De un accionar cuyo principal objetivo es el de salvaguardar y fortalecer la dictadura del gran capital sobre el conjunto de los chilenos, especialmente ahora que la rebelión popular que estalló el 18 de octubre ha evidenciado el generalizado y profundo descontento de la inmensa mayoría de la población con el régimen político, social, económico y cultural que ha imperado en el país durante las últimas tres décadas de «democracia».
El desempeño del gobierno en materia de violación a los derechos humanos ha alcanzado en estos dos últimos meses niveles difíciles de igualar, tal como lo han constatado de manera unánime los diversos informes emitidos por los organismos, tanto nacionales como internacionales, que los defienden. Resultando imposible negar estos hechos, el gobierno se ha limitado majaderamente a negar su responsabilidad política por lo sucedido.
No obstante, los hechos son elocuentes por sí mismos. Como ha quedado claramente registrado en múltiples testimonios fílmicos, los cuerpos policiales, que en una real democracia tendrían el deber de proteger a la población en el ejercicio de sus derechos, han sido sistemáticamente utilizados para el fin contrario de intimidar y agredir brutalmente a los ciudadanos que simplemente desean hacer uso de su derecho a manifestarse públicamente.
El despliegue sistemático de la violencia policial, con el propósito de acallar a la ciudadanía e impedirle ejercer su derecho a repudiar públicamente su política de atropellos y abusos permanentes en contra del pueblo trabajador, al mismo tiempo que emplaza cínicamente a todos los actores políticos a condenar de plano toda forma de violencia, se ha constituido así en un sello característico de la acción desarrollada por el gobierno de Piñera.
Esta acción represiva suele justificarse aludiendo a la supuesta potestad que tendría la autoridad administrativa para otorgar o no su «autorización» para la realización de cualquier manifestación pública. Sin embargo, aun la Constitución que actualmente nos rige, en su artículo 19 N°13, «asegura a todas las personas, el derecho a reunirse pacíficamente sin permiso previo y sin armas «, replicando en esto lo ya establecido en la Constitución de 1925.
La pretensión de disponer de la facultad de negar este derecho, que ha sido invocada desde 1990 por todos los gobiernos «democráticos», procede de lo dispuesto en el decreto 1086 dictado por Pinochet el 15 de septiembre de 1983, por medio del cual se deja en la práctica sin efecto lo señalado por la Constitución de 1980 sobre el derecho de reunión.
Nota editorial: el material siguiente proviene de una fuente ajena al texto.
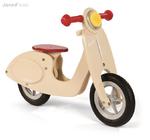 Drewniany rowerek biegowy waniliowy Scooter - rowerek dla dzieci, Janod w sklepie internetowym MądreSzkraby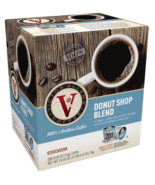 Victor Allen Donut Shop Coffee 12 to 200 Count Keurig K cup Pods FREE SH... - £10.92 GBP+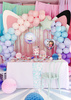 Balon foliowy serce Koci Domek Gabi 35 cm mix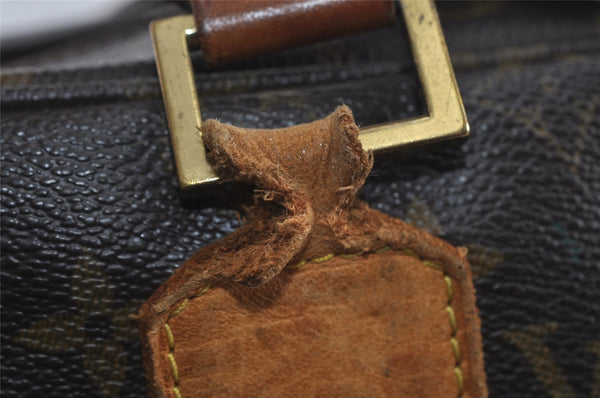 Authentic Louis Vuitton Monogram Sac Bosphore 2Way Hand Bag M40043 Junk 1698I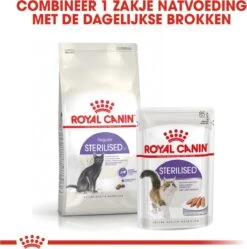Royal Canin Sterilised 37 - Kattenvoer - 4 Kg -Merkloos Winkel 1190x1200 3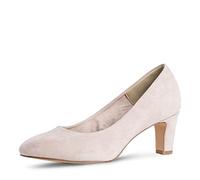 Tamaris Scarpe da Donna Classiche con Tacco, Plantare TOUCHIT, Ivory 1 22418 20 418, 39 EU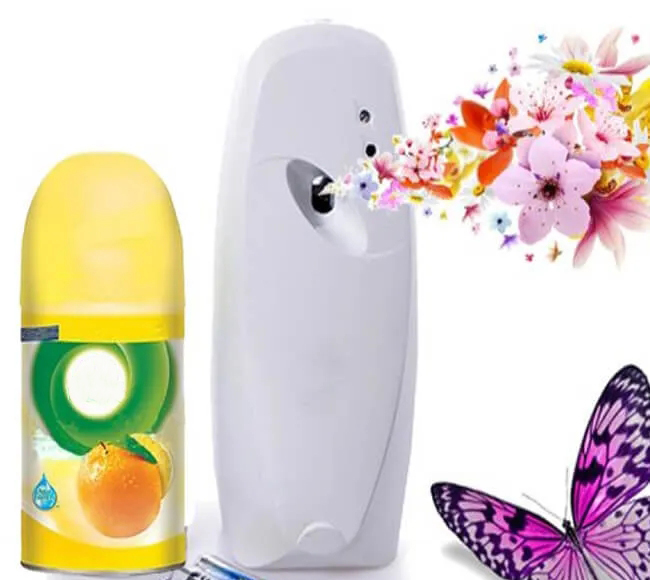 Air freshener spray can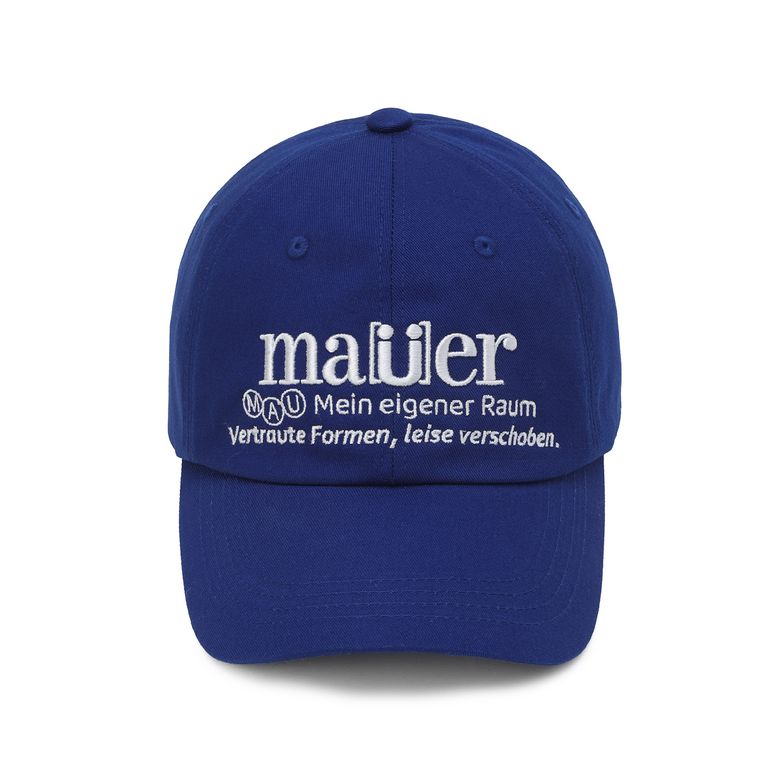 MAUER BERLIN LEISE CAP (BLUE)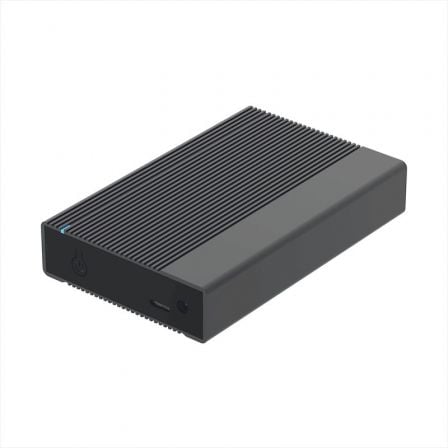 Caja Externa para Disco Duro de 3.5' Aisens ASE-3532B/ USB 3.1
Un derecho que, justamente por ser tal, no necesita ser «autorizado» por ninguna autoridad administrativa.
Sin embargo, el decreto 1080 exige que toda reunión pública sea previamente autorizada. Más aun, bastaría con que alguien concurra a una premunido de un simple palo para que se considere que esa persona se encuentra «armada» y, por tal motivo, ella pueda ser disuelta por la policía. Este decreto se ha mantenido vigente desde su dictación, sin que ninguno de los gobiernos supuestamente «progresistas» que hemos tenido haya decidido suprimirlo.
Ello, a pesar de tratarse de una norma no solo ilegítima, por desconocer un derecho básico de la ciudadanía, sino también completamente inconstitucional, ya que una norma inferior no puede invalidar lo establecido por una norma superior, y dado también que contraviene de manera explícita lo señalado a este respecto por los tratados de derechos humanos suscritos por el Estado de Chile, los cuales se hallan investidos, precisamente, de rango constitucional.
Todo esto no hace más que reafirmar la necesidad de terminar, de una vez por todas, con el estado de cosas imperante en el país, como si éste fuese lo más natural del mundo, e incluso como modelo digno de exhibir ante otros a manera de ejemplo a ser imitado. A pesar de la represión y del cerco informativo que se ha vuelto a tender sobre sus luchas, el pueblo chileno no se dejará amedrentar y continuará movilizado hasta hacer respetar todos sus derechos.